R. No voy a valorar lo que hicieron mis antecesores. Supongo que tenían motivos y si se llevó al Consejo de Ministros fue una decisión colegiada. Pero los acontecimientos evolucionan.

Piscina de Pedro J. Ramírez y lentitud administrativa:

P. ¿Percibe que hay una sensación de doble rasero? ¿Que amargan la vida de gente humilde y que recurren para que Pedro J. Ramírez mantenga una piscina en dominio público?

R. La concesión de la famosa piscina es de 2001 y no sólo era la piscina sino también el embarcadero y Costas aprobó un proyecto de uso público de esa piscina. Los motivos de seguridad esgrimidos por el usuario fueron reconocidos por la Delegación del Gobierno y la Abogacía del Estado apreció fundamento jurídico para no declarar la caducidad de la concesión. La Audiencia Nacional ha anulado ahora los acuerdos. Contra esta sentencia ha recurrido todo el mundo y nosotros también. No hay doble rasero. Ese señor tiene la gestión de una concesión.

P. La Audiencia dice que no. Que ya no la tiene.

R. Tenía. Vamos a esperar a lo que diga el Tribunal Supremo. El plan de gestión de la piscina se aprobó en 2006.

P. También se aprobó entonces un plan para hacer un camino peatonal por esa zona de Mallorca, donde un grupo de millonarios ha privatizado el litoral.

R. Hay un anteproyecto y no ha pasado a proyecto. Queremos que en toda la Costa de los Pinos haya un paseo y que todos los ciudadanos puedan usarlo.

P. Llevan un año y no avanza.

R. Los proyectos en Costas tardan mucho, porque hay que expropiar y eso se demora.

Chiringuitos:

P. Dijo que los chiringuitos tendrían que cumplir la ley y se armó el escándalo.

R. Hemos dicho que en función de la orografía un chiringuito podrá estar en la arena o fuera. La ley dice que preferentemente se ubicarán fuera. Preferentemente. Si es imposible seguirán en la arena. Quiero hacer compatible que el paisano que quiera tomarse una cervecita en la playa la tome en el chiringo y que la gente tenga espacio para la toalla, que eso es de todos.

P. Ante el masivo incumplimiento de la ley, ¿no es mejor pasar por el cargo sin incendios?

R. No. Mi ilusión es terminar el deslinde y que se pueda recorrer de punta a punta.

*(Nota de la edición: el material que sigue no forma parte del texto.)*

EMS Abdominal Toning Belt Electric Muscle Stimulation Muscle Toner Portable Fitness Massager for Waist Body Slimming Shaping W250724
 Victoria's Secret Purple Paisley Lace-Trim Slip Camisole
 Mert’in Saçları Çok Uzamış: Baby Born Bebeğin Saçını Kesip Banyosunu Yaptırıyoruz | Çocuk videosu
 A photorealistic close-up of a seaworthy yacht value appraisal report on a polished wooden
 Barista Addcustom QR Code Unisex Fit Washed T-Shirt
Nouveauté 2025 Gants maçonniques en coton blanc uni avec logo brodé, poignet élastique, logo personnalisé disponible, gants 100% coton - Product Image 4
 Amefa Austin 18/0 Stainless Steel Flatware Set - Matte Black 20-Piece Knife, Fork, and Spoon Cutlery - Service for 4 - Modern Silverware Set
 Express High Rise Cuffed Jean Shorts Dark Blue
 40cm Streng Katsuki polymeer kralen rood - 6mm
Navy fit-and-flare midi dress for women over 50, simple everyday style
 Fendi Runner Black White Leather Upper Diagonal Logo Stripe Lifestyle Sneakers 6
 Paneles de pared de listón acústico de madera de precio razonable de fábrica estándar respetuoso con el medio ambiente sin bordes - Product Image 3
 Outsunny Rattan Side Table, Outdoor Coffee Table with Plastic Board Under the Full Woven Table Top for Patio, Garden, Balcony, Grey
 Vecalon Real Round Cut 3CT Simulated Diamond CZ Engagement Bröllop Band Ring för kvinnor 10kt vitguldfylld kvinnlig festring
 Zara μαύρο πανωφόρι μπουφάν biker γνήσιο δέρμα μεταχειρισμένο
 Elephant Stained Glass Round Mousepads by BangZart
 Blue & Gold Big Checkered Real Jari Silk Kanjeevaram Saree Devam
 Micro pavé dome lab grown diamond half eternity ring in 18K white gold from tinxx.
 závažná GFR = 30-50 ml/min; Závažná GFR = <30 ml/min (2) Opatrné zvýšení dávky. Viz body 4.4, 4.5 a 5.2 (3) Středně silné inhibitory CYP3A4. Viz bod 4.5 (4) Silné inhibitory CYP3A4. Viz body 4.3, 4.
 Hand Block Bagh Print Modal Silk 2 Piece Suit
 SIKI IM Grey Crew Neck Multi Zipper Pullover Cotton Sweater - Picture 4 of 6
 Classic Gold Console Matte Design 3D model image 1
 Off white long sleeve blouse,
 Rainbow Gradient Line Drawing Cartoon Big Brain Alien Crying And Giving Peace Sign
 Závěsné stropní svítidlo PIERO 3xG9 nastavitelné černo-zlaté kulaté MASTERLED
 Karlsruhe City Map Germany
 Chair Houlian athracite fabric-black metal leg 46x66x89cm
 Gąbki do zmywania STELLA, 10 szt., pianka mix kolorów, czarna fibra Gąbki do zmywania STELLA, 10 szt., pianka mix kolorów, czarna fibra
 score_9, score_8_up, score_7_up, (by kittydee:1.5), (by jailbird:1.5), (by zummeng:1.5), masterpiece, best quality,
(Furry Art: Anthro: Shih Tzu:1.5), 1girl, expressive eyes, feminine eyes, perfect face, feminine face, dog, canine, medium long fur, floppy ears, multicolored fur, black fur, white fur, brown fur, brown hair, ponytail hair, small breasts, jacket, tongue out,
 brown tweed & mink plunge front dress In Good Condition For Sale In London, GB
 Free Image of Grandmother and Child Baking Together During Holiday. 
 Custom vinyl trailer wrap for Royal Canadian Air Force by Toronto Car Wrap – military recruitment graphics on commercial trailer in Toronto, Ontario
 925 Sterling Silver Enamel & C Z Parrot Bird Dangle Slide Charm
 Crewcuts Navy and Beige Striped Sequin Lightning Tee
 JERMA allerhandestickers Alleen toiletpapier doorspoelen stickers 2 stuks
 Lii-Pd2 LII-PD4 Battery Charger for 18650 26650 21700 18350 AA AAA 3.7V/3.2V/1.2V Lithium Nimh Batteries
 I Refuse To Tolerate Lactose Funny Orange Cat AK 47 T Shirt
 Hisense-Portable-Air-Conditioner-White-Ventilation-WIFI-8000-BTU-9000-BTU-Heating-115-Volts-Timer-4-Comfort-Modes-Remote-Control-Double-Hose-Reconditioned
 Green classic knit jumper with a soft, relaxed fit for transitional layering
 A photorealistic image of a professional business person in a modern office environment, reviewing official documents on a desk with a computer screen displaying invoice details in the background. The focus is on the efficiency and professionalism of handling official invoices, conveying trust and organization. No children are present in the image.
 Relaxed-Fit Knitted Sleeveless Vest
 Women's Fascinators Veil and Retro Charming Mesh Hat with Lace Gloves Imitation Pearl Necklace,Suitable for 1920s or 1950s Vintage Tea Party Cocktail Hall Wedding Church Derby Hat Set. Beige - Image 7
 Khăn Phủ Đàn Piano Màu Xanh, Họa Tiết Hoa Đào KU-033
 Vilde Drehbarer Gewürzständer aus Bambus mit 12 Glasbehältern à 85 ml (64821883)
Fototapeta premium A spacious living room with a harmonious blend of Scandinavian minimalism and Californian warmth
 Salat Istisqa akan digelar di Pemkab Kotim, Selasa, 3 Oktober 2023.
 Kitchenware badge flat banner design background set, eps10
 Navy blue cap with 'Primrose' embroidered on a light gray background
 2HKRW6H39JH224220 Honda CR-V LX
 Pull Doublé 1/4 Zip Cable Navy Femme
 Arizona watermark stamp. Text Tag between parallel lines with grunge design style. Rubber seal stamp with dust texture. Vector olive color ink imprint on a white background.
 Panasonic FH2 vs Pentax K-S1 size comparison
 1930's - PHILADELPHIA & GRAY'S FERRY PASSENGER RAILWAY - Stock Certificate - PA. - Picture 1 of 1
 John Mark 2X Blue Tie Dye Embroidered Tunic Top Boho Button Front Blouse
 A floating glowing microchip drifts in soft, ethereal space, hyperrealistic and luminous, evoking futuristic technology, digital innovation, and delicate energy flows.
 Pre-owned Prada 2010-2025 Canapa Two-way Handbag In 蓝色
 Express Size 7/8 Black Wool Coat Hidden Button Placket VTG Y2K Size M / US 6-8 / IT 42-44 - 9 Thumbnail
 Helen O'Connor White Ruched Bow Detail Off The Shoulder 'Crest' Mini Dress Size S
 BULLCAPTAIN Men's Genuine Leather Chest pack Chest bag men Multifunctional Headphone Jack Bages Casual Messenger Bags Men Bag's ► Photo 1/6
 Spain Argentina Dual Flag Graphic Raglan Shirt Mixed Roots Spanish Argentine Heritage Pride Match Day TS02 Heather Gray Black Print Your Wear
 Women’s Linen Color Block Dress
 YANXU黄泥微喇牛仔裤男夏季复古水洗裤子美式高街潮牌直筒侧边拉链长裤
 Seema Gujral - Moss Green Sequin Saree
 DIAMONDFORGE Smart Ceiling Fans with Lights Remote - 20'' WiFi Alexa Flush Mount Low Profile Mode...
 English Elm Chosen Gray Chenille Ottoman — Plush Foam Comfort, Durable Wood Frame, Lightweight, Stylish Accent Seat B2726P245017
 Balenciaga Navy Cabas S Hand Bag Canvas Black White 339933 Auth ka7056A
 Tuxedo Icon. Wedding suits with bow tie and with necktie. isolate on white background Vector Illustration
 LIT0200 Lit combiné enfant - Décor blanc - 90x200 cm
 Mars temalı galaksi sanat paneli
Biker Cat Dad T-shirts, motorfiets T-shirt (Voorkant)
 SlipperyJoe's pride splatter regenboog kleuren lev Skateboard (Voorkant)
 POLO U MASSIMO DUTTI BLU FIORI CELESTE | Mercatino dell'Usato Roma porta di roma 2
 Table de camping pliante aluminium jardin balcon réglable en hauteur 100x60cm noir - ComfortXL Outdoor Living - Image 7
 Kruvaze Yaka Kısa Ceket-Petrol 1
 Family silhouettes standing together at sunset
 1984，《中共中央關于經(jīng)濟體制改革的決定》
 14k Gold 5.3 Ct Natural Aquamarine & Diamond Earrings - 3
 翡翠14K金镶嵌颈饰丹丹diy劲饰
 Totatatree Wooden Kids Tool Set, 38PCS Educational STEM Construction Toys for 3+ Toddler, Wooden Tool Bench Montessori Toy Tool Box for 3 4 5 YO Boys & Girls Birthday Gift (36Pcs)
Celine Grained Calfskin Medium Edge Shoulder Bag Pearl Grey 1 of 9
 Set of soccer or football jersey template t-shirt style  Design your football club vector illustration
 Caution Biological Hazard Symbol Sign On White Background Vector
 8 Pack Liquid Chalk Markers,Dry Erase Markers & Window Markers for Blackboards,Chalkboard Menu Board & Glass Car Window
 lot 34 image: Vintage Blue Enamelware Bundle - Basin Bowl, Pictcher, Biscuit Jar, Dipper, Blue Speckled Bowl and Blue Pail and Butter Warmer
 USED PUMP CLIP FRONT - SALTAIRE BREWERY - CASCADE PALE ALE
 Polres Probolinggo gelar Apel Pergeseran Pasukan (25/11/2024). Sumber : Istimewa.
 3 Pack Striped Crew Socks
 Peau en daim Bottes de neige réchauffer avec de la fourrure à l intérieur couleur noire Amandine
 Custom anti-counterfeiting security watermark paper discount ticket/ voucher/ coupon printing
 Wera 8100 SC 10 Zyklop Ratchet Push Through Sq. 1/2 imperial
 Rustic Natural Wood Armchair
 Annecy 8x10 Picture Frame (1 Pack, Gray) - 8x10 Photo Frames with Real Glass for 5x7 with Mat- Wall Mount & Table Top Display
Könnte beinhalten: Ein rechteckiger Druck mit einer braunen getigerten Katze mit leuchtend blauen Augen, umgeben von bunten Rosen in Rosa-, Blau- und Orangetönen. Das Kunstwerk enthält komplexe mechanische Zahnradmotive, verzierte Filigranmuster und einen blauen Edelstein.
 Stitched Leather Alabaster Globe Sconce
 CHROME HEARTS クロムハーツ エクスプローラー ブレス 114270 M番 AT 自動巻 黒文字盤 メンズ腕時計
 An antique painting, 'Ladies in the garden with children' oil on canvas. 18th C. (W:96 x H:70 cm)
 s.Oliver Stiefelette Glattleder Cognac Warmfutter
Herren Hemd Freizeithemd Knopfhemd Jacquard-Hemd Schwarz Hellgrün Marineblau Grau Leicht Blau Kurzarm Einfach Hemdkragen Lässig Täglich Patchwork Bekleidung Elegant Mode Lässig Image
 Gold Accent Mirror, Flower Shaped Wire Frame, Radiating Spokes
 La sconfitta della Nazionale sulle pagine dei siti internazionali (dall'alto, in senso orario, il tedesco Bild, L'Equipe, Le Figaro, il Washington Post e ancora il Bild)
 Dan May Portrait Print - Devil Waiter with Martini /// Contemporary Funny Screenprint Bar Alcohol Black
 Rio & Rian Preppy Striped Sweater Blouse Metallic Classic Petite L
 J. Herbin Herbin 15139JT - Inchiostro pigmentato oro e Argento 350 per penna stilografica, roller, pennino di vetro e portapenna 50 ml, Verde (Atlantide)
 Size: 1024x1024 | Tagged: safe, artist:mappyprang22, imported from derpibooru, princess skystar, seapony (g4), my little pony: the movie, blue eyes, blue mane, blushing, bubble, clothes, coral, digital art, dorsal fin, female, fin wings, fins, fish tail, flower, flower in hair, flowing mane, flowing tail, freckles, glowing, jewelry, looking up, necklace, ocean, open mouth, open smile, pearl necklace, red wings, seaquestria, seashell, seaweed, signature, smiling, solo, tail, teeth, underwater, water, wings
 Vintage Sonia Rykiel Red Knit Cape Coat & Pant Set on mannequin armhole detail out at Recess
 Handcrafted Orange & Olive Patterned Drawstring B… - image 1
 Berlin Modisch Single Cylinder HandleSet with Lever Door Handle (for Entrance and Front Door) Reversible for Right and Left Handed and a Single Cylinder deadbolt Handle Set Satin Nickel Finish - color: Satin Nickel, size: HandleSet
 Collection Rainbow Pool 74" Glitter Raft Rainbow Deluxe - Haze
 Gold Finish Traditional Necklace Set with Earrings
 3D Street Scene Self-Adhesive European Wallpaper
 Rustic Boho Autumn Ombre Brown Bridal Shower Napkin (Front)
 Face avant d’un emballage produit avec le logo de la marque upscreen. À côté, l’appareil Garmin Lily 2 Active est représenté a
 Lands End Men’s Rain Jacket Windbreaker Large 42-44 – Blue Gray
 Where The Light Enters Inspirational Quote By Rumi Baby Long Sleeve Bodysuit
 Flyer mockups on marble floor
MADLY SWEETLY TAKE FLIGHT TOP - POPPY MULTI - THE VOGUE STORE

P. Narbona encargó un estudio sobre qué habría que hacer para conseguir eso y el resultado era una orgía de demoliciones.

R. Por supuesto necesitará inversiones significativas. Una vez que delimitemos el dominio público iremos tramo a tramo, empezando por lo más conflictivo.

Trato de favor a José Blanco:

P. El PP les acusa de haber dado trato de favor al permitir en la Isla de Arousa un edificio en el que tiene un ático el número dos del PSOE, José Blanco.

R. Ese deslinde fue aprobado en enero de 2004 [con el PP] y definió la servidumbre de protección. En unas zonas era de 20 metros, en otras 100 y en esa unos 40. El Ayuntamiento recurrió y la Audiencia Nacional redujo en ese tramo la servidumbre a 20 metros. La vivienda de marras se encuentra a 40 metros. De todas formas, el tramo afectado por la sentencia no es el del edificio, sino el contiguo, por lo que la sentencia no le afecta.

P. Costas llegó a presentar recurso ante el Supremo para ampliar la servidumbre en ese tramo y lo retiró. ¿Por qué?

R. ¿Quién ha dicho eso?

P. Lo recurrió y lo retiró.

R. El Supremo el 10 de diciembre de 2007 devino firme la sentencia. Y si es así [la directora general de Costas lo confirma en una llamada telefónica] tendrá que preguntarle a quien retiró el recurso, no a mí. Yo tomo las riendas de este negociado en abril 2008. Lo desconozco.

Si un elevado tanto por ciento de los periodistas españoles trabajaran así,  atajarían muchos de nuestros problemas formando una opinión pública informada y responsable.